Nevertheless, Ham was unable to forgive himself for not being there when his old man needed him most. Sadly enough, it was a feeling he would know again, in the not too distant future. As if God was piling it on, three weeks after his father’s death, Ham suffered another devastating blow. His mother passed on in her sleep.

Jessie’s sudden death had left Reva heartbroken and unwilling to carry on. The cabin Ham and his new bride had been sharing with his parents was now theirs alone.

As was Jessie’s growing fortune.
             

Unlike his father, Ham didn’t have any romantic notions about the sea. He knew her to be a killer, lying in wait for those who didn’t take the blue bitch seriously enough. That’s why, when he went out on his own, he didn’t think twice about making his best friend, Joe Rusty O’Hara, a full partner. It didn’t matter that Joe Rusty didn’t have any money to invest in their partnership; his worth as a man more than made up for his lack of funds. Some things you just can’t put a price on. Because when a man such as
that
has your back…well, that there, as the commercial says, ‘is priceless.’

Rusty and Ham had gone to the same two-room schoolhouse on Moon. Back then the school only went to the eighth grade. If you wanted to attend high school, you had to take the six a.m. ferry to the mainland. Rusty and Ham chose not to. Their whole lives they’d known what their futures held, and they’d eagerly awaited the day when they could begin them in earnest. By the time they dropped out of school, both boys were just literate enough to get by.

In
The Body,
Stephen King’s seminal tale about friendship, the author reminds us that the best friends we’ll ever know are those we make as kids. Never was this more true than with Ham Huggins and Joe Rusty O’Hara. Their childhoods were as one. Their coming of age a shared experience. Together they explored the island’s woodlands. Playing War in the many sinkholes pockmarking the forest floor. They knew where the largemouth bass liked to hide in Lizard Lake, and which oyster beds still produced offshore. Together they plumbed both marine and fresh water depths in the two-man Jon-Boat they’d built together, learning early on their life’s calling.

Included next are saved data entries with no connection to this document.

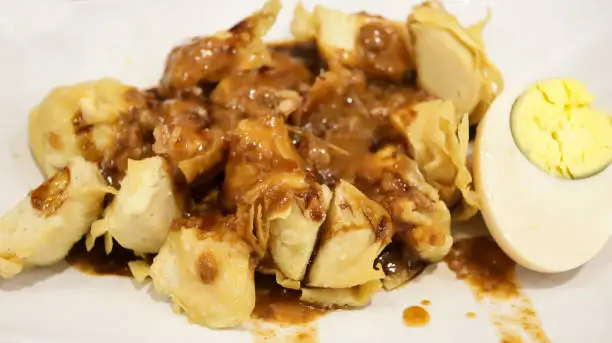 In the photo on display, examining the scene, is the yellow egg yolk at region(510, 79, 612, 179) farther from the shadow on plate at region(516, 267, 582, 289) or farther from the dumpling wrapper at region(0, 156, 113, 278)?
the dumpling wrapper at region(0, 156, 113, 278)

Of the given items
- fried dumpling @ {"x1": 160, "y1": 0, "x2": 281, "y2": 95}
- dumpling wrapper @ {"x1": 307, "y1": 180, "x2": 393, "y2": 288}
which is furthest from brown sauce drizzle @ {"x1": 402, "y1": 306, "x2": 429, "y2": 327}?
fried dumpling @ {"x1": 160, "y1": 0, "x2": 281, "y2": 95}

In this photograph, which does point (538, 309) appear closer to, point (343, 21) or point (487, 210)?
point (487, 210)

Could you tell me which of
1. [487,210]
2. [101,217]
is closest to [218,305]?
[101,217]

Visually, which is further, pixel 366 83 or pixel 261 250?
pixel 366 83

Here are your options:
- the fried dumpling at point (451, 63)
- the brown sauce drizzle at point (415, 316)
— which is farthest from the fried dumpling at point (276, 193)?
the fried dumpling at point (451, 63)

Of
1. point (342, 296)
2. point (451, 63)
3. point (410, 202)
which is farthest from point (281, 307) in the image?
point (451, 63)

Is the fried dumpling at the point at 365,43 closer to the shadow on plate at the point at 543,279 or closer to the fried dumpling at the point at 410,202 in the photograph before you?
the fried dumpling at the point at 410,202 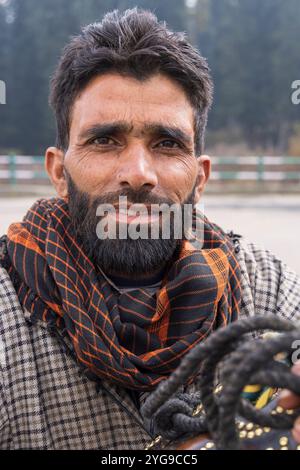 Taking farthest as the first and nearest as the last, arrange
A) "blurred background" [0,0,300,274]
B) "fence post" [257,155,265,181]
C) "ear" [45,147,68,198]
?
"blurred background" [0,0,300,274] < "fence post" [257,155,265,181] < "ear" [45,147,68,198]

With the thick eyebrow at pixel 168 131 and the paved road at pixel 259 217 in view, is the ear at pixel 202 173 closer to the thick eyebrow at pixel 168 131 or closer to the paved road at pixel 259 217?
the thick eyebrow at pixel 168 131

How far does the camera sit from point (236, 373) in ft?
2.77

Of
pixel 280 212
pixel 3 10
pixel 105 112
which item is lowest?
pixel 280 212

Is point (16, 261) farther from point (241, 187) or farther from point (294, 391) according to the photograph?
point (241, 187)

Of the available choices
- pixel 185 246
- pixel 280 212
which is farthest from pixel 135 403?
pixel 280 212

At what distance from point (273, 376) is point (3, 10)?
33686 millimetres

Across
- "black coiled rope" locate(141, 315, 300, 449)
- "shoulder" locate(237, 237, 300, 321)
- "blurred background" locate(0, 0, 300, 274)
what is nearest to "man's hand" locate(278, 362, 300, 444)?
"black coiled rope" locate(141, 315, 300, 449)

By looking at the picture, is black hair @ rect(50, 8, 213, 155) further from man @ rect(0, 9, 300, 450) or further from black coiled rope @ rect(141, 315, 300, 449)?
black coiled rope @ rect(141, 315, 300, 449)

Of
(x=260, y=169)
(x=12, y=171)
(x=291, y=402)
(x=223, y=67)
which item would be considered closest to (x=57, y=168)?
(x=291, y=402)

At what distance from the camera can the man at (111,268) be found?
1.58 meters

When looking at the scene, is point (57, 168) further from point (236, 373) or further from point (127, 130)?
point (236, 373)

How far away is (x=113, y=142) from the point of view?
5.47 ft

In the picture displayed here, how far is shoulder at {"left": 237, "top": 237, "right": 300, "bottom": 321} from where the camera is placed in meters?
1.96

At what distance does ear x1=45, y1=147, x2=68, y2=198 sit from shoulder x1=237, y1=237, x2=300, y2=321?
0.61m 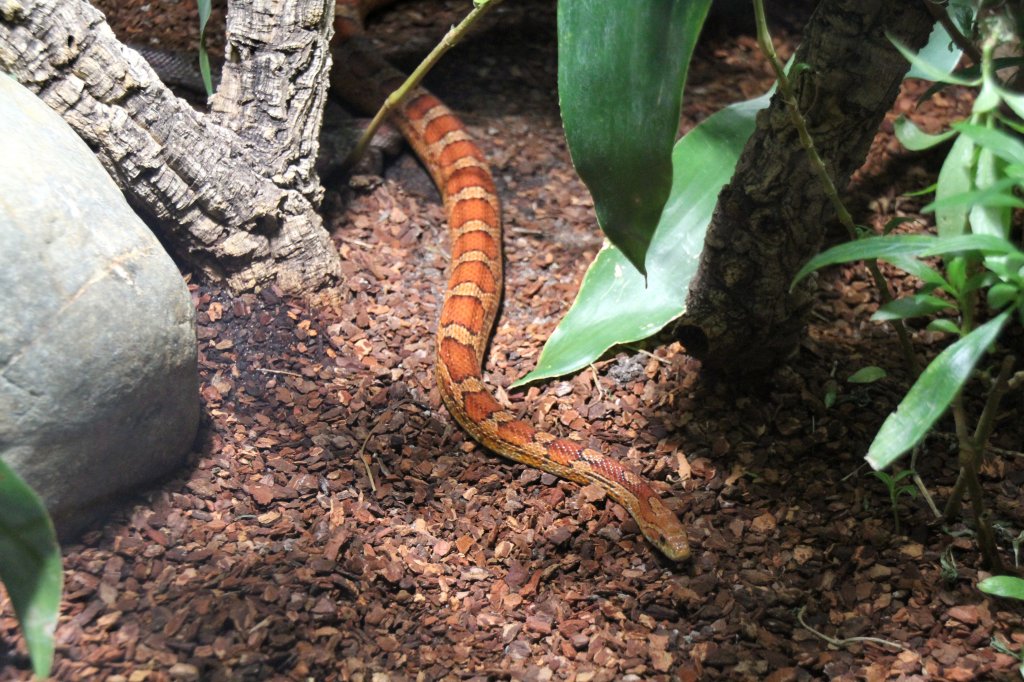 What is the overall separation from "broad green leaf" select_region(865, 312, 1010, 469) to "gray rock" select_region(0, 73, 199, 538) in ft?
6.70

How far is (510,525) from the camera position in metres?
3.15

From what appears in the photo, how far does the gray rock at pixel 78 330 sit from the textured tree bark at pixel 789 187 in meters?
1.84

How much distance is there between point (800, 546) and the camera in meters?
3.01

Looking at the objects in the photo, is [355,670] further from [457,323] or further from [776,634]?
[457,323]

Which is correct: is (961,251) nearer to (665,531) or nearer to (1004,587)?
(1004,587)

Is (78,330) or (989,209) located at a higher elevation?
(989,209)

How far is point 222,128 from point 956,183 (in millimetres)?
2695

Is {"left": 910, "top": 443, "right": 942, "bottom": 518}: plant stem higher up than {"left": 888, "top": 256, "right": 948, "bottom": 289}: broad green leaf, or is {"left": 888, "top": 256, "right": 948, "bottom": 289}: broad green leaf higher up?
{"left": 888, "top": 256, "right": 948, "bottom": 289}: broad green leaf

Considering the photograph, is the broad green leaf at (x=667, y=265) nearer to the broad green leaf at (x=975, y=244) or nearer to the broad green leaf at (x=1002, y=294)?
the broad green leaf at (x=1002, y=294)

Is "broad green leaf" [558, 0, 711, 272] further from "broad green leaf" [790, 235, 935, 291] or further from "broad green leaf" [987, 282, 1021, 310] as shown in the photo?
"broad green leaf" [987, 282, 1021, 310]

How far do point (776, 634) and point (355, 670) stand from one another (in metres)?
1.33

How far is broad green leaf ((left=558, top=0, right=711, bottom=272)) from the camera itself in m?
1.80

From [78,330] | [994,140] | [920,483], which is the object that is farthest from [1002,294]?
[78,330]

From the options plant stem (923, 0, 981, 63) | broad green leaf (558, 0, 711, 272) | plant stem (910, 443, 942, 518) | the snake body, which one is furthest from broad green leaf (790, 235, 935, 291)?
the snake body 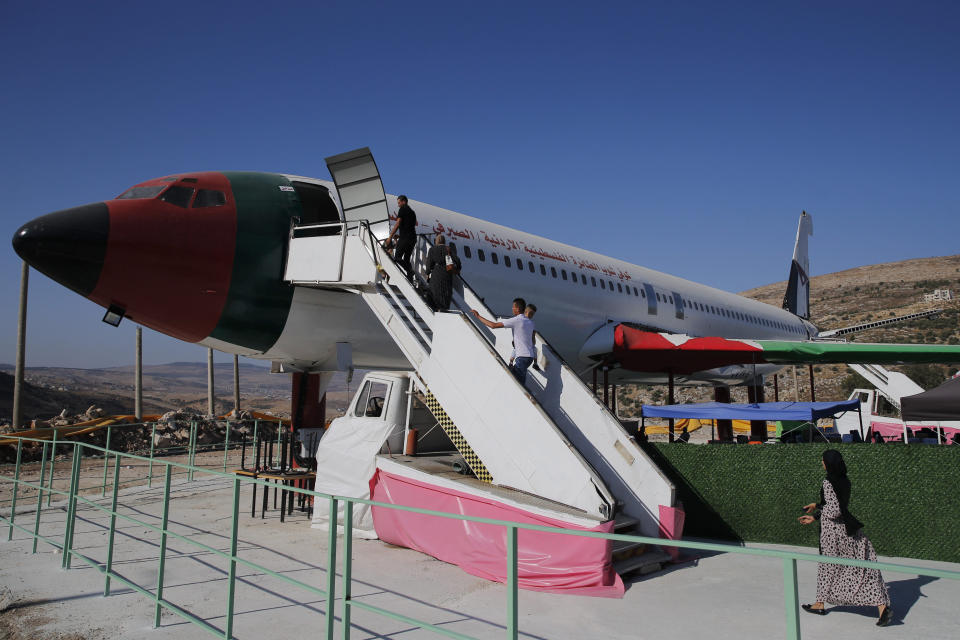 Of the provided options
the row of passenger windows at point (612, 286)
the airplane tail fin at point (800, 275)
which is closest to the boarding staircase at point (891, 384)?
the row of passenger windows at point (612, 286)

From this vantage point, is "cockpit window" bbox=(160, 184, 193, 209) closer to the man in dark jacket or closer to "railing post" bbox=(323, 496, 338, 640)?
the man in dark jacket

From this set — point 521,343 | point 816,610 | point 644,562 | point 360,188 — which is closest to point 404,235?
point 360,188

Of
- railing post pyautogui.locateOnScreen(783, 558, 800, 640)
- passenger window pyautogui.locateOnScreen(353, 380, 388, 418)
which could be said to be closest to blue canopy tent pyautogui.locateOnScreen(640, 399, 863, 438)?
passenger window pyautogui.locateOnScreen(353, 380, 388, 418)

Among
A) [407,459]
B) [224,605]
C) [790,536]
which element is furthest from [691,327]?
[224,605]

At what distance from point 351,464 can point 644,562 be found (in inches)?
145

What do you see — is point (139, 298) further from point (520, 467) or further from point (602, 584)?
point (602, 584)

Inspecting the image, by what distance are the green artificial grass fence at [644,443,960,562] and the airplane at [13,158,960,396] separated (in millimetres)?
3730

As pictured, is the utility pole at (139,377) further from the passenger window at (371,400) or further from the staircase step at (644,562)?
the staircase step at (644,562)

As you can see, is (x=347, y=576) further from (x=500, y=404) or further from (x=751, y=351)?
(x=751, y=351)

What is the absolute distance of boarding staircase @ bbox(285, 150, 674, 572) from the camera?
22.2ft

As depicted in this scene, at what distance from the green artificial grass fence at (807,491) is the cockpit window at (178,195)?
689 cm

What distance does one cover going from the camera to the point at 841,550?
5504mm

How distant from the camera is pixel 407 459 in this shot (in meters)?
8.51

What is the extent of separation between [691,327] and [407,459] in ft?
38.9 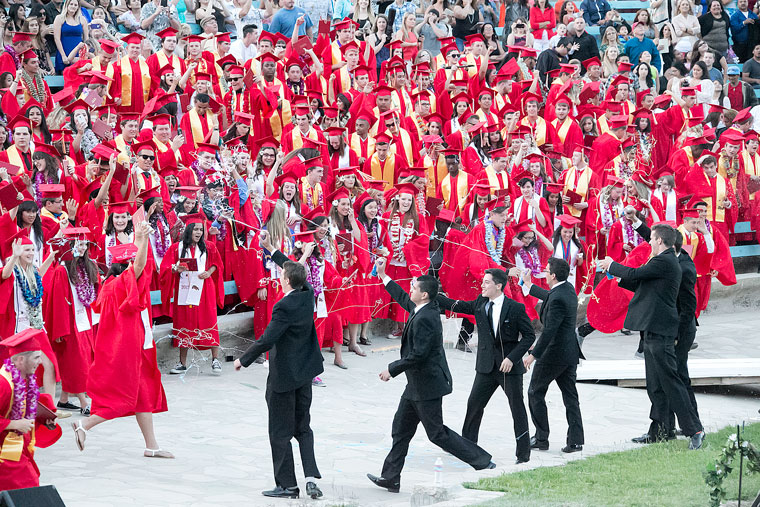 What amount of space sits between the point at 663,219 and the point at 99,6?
8353mm

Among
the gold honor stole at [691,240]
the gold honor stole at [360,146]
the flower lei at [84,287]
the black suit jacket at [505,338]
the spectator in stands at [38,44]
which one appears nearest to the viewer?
the black suit jacket at [505,338]

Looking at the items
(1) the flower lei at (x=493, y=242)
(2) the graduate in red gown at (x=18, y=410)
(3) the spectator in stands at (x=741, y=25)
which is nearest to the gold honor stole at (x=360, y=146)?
(1) the flower lei at (x=493, y=242)

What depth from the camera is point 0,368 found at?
6.78m

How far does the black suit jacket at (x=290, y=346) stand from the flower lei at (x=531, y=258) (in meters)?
5.60

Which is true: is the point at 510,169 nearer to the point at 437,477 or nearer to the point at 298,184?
the point at 298,184

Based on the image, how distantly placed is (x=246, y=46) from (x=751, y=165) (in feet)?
24.8

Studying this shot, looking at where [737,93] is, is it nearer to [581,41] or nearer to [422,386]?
[581,41]

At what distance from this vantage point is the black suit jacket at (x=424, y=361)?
27.9 ft

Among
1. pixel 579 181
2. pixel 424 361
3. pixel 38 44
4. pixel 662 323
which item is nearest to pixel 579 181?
pixel 579 181

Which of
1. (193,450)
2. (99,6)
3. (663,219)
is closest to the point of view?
(193,450)

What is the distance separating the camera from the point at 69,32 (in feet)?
54.5

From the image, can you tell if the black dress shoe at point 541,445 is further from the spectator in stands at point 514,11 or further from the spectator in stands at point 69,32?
the spectator in stands at point 514,11

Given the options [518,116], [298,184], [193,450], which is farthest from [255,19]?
[193,450]

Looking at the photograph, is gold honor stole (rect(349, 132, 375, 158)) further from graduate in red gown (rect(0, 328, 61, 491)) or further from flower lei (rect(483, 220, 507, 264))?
graduate in red gown (rect(0, 328, 61, 491)) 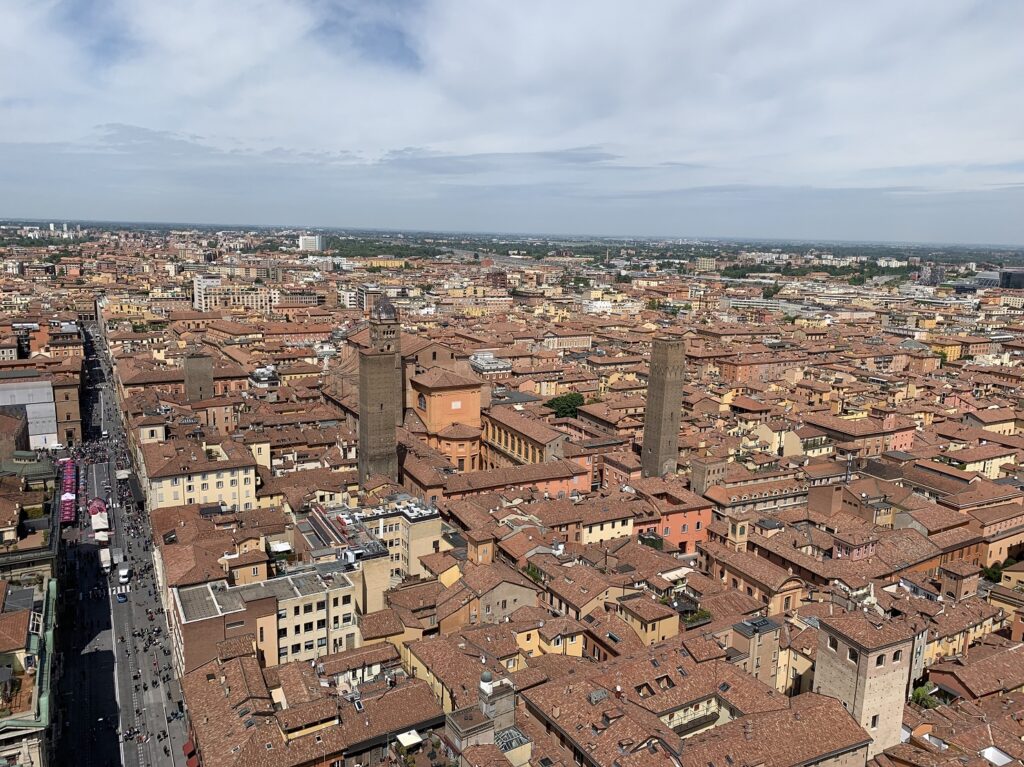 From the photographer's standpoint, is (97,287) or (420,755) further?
(97,287)

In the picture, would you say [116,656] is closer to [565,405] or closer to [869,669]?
[869,669]

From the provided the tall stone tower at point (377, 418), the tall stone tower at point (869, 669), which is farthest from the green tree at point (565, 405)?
the tall stone tower at point (869, 669)


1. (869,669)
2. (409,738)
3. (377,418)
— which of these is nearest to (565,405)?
(377,418)

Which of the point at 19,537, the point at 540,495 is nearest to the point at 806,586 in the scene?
the point at 540,495

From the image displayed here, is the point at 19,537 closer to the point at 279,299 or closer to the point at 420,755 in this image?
the point at 420,755

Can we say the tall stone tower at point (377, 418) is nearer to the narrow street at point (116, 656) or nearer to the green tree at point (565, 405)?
A: the narrow street at point (116, 656)

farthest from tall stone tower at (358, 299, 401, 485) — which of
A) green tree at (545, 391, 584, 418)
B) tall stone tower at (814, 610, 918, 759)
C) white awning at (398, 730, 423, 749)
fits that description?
tall stone tower at (814, 610, 918, 759) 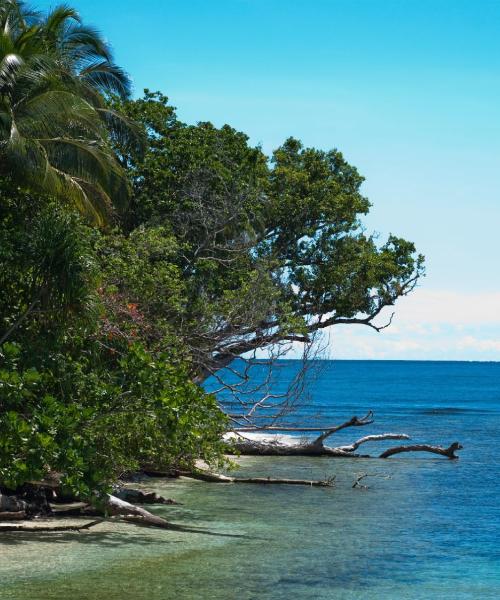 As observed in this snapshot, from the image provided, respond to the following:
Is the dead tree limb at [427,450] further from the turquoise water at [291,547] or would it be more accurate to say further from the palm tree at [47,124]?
the palm tree at [47,124]

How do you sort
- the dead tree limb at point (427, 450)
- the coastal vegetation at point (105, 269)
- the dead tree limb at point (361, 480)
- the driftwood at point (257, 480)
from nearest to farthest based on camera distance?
1. the coastal vegetation at point (105, 269)
2. the driftwood at point (257, 480)
3. the dead tree limb at point (361, 480)
4. the dead tree limb at point (427, 450)

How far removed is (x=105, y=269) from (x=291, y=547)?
7.67 metres

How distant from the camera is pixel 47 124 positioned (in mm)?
17969

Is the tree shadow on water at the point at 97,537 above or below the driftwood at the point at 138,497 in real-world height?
below

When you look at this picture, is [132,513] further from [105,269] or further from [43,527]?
[105,269]

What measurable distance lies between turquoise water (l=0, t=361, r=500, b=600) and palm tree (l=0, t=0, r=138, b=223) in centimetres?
663

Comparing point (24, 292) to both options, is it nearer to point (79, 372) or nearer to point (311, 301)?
point (79, 372)

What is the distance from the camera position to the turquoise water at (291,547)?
568 inches

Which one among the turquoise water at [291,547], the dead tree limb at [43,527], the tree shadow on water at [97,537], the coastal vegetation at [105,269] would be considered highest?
the coastal vegetation at [105,269]

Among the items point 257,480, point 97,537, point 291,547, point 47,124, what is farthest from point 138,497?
point 47,124

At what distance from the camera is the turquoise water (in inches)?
568

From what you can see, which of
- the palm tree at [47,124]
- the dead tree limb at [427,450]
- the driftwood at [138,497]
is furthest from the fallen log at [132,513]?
the dead tree limb at [427,450]

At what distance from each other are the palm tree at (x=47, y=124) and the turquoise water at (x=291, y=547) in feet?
21.7

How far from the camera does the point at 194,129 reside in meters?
32.1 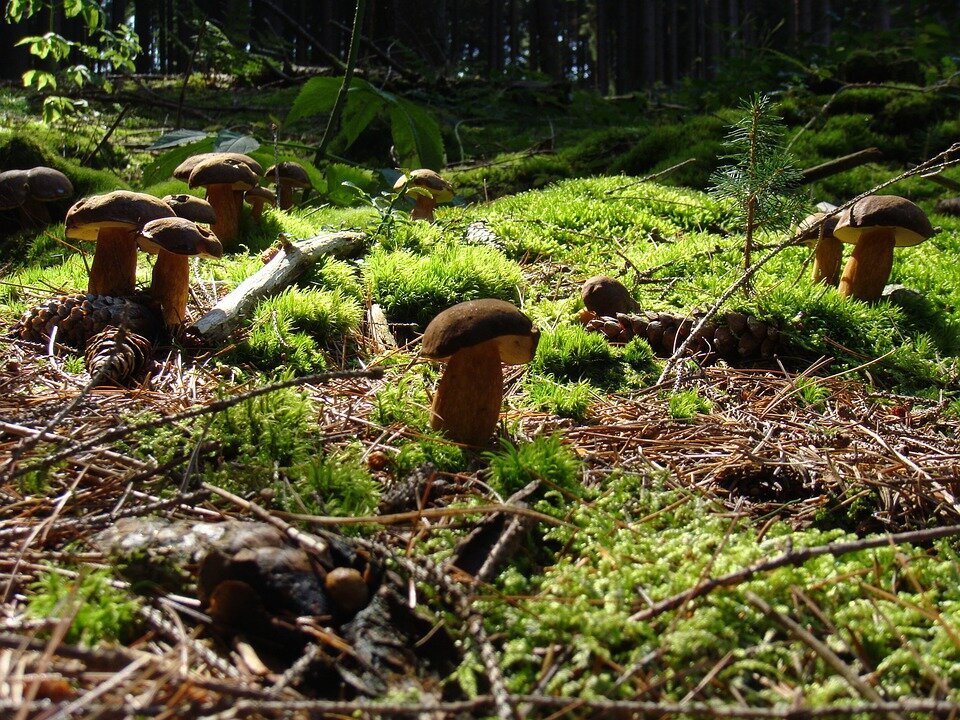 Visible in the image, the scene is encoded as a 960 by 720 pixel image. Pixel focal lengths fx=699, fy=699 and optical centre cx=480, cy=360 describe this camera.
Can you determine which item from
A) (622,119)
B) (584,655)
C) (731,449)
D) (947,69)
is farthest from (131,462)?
(947,69)

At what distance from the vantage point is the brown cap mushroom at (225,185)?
4156 mm

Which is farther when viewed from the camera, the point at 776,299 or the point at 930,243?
the point at 930,243

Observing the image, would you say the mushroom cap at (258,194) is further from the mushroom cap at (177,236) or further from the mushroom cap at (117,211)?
the mushroom cap at (177,236)

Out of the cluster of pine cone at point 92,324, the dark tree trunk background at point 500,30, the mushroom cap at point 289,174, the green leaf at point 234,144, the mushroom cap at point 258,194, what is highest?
the dark tree trunk background at point 500,30

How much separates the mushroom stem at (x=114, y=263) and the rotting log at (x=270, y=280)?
16.0 inches

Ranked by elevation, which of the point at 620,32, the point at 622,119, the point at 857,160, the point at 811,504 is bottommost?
the point at 811,504

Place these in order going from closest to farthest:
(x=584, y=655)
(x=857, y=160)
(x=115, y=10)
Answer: (x=584, y=655) < (x=857, y=160) < (x=115, y=10)

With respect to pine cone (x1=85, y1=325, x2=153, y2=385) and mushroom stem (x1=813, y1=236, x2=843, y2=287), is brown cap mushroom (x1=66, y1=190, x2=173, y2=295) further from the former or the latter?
mushroom stem (x1=813, y1=236, x2=843, y2=287)

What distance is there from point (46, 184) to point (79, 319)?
6.27 ft

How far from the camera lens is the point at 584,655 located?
4.65ft

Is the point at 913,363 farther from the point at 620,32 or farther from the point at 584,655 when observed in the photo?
the point at 620,32

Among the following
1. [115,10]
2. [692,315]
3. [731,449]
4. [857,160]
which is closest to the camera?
[731,449]

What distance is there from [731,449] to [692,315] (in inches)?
48.6

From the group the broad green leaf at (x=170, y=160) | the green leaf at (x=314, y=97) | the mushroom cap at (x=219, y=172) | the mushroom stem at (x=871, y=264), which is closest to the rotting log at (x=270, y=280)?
the mushroom cap at (x=219, y=172)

The two boys did everything together.

They even met their future wives together.

Three years after finishing school on Moon, Rusty called on Ham for a favor. It seemed he’d met this young buxom blonde, Shayna Petterson, and had asked her out on a date to the new Drive-In movie theatre.

The girl had said yes, on one condition: that Rusty find a date for her good friend Betty Anne Atkins.

Even though he wasn’t exactly thrilled about it, Ham agreed to take her out. He’d seen this Betty Anne back when he was in school. She was a year younger than Ham, and was, the last time he’d seen her, skimpier than a beanpole’s shadow. A mere wisp of a thing

To Ham’s happy surprise, Betty Anne was no longer skimpy
or
wispy! In fact, the girl had filled out altogether nicely. With his mouth hanging open like he’d lost all sense, Ham watched her walk out of her home, on the newly developed West Side, where the finest houses on Moon stood overlooking the sea. Her beauty had so flustered him that he’d neglected to get out of the truck and open the passenger door for her! It was a lucky thing he’d decided to pick up Betty Anne first. If Rusty had seen how stupid he’d looked, with his mouth unhinged like that, he never would have heard the end of it.